Sensor-Invariant Tactile Representation
Harsh Gupta, Yuchen Mo, Shengmiao Jin, Wenzhen Yuan
TL;DR
This work tackles the hard problem of transferring tactile perception models across diverse vision-based sensors by learning Sensor-Invariant Tactile Representations (SITR). It combines calibration images, a transformer-based encoder, normal-map reconstruction, and supervised contrastive learning trained on a large synthetic dataset with 100 sensor configurations, then evaluates zero-shot transfer on real GelSight-based sensors for shape reconstruction, object classification, and pose estimation. SITR consistently outperforms strong baselines in inter-sensor transfer, demonstrating robust geometry preservation and cross-sensor generalization. The approach paves the way for scalable data/model transfer in tactile sensing and suggests broader applicability to varied sensor designs.
Abstract
High-resolution tactile sensors have become critical for embodied perception and robotic manipulation.
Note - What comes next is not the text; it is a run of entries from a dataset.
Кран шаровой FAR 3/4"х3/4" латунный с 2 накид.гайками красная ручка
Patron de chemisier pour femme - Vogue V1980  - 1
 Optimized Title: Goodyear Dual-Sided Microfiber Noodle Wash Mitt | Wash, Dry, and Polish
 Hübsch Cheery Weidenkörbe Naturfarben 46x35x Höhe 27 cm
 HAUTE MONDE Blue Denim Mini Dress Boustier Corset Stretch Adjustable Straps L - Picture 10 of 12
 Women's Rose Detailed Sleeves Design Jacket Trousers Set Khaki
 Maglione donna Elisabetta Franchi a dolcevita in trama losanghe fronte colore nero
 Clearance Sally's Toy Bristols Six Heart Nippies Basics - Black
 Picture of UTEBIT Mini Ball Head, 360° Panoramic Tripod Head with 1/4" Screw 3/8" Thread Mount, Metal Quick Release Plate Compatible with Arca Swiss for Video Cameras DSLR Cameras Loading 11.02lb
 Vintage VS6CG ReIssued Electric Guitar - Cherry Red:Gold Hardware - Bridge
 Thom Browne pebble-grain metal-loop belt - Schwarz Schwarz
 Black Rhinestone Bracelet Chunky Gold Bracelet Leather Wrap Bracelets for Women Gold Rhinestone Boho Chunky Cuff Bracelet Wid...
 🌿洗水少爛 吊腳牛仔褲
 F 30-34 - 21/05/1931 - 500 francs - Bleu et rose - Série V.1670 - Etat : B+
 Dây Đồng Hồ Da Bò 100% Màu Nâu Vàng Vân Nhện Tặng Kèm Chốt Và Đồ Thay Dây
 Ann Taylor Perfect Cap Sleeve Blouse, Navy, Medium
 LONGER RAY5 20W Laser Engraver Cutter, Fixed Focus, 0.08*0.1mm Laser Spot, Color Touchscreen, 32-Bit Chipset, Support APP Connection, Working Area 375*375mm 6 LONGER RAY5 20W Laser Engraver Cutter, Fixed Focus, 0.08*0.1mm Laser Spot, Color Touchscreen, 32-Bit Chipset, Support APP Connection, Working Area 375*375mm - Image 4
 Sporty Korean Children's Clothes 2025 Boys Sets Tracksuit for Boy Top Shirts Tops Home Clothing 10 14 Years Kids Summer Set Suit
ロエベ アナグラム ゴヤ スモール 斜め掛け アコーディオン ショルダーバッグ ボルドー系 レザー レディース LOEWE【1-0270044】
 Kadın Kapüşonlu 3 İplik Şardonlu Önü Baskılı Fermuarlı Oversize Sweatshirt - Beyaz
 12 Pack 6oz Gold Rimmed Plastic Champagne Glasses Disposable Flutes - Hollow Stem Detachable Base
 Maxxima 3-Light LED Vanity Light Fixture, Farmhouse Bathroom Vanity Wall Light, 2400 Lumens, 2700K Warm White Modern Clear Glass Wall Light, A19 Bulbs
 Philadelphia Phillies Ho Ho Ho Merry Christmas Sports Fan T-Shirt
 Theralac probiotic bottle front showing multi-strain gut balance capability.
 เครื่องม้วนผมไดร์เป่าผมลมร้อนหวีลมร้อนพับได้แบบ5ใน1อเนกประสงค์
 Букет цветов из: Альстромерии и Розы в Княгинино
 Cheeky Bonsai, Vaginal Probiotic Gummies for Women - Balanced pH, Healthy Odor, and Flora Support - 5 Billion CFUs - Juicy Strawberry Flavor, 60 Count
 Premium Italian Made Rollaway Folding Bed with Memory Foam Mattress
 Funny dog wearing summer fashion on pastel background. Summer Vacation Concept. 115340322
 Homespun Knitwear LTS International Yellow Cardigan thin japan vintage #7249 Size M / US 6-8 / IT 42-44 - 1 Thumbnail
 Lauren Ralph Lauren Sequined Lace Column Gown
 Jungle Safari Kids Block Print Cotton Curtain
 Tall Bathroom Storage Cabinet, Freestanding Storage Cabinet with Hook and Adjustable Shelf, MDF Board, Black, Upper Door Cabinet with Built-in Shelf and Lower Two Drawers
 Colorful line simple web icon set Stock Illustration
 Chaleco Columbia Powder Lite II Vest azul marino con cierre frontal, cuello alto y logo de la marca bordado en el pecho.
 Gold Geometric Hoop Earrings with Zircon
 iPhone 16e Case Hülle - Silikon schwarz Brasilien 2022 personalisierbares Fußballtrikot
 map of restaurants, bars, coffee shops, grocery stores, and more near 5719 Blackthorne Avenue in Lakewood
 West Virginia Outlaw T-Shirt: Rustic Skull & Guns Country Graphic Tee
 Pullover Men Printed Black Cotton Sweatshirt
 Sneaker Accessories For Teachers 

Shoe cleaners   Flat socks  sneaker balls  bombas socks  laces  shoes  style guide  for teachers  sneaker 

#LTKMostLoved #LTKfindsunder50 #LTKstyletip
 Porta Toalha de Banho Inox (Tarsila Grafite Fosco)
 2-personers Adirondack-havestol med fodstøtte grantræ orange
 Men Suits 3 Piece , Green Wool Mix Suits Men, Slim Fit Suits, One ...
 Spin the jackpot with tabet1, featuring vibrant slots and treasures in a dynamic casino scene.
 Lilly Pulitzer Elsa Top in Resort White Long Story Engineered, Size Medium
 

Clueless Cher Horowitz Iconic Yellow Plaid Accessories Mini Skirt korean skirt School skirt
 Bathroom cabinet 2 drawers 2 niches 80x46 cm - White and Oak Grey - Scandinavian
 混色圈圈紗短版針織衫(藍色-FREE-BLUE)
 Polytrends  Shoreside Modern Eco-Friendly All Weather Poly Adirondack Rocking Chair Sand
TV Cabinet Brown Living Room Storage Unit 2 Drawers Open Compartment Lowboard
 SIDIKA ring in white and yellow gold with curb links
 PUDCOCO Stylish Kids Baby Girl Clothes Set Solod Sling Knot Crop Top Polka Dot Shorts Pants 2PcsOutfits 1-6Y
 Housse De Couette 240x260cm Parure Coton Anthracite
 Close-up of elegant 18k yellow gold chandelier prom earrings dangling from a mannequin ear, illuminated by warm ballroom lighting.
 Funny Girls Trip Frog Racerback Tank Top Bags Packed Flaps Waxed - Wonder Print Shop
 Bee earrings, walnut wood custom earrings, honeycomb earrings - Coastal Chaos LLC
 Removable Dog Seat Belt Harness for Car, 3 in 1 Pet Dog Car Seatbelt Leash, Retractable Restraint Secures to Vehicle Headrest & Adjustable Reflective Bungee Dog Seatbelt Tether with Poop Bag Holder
However, a key challenge in the field is the lack of transferability between sensors due to design and manufacturing variations, which result in significant differences in tactile signals. This limitation hinders the ability to transfer models or knowledge learned from one sensor to another. To address this, we introduce a novel method for extracting Sensor-Invariant Tactile Representations (SITR), enabling zero-shot transfer across optical tactile sensors. Our approach utilizes a transformer-based architecture trained on a diverse dataset of simulated sensor designs, allowing it to generalize to new sensors in the real world with minimal calibration. Experimental results demonstrate the method's effectiveness across various tactile sensing applications, facilitating data and model transferability for future advancements in the field.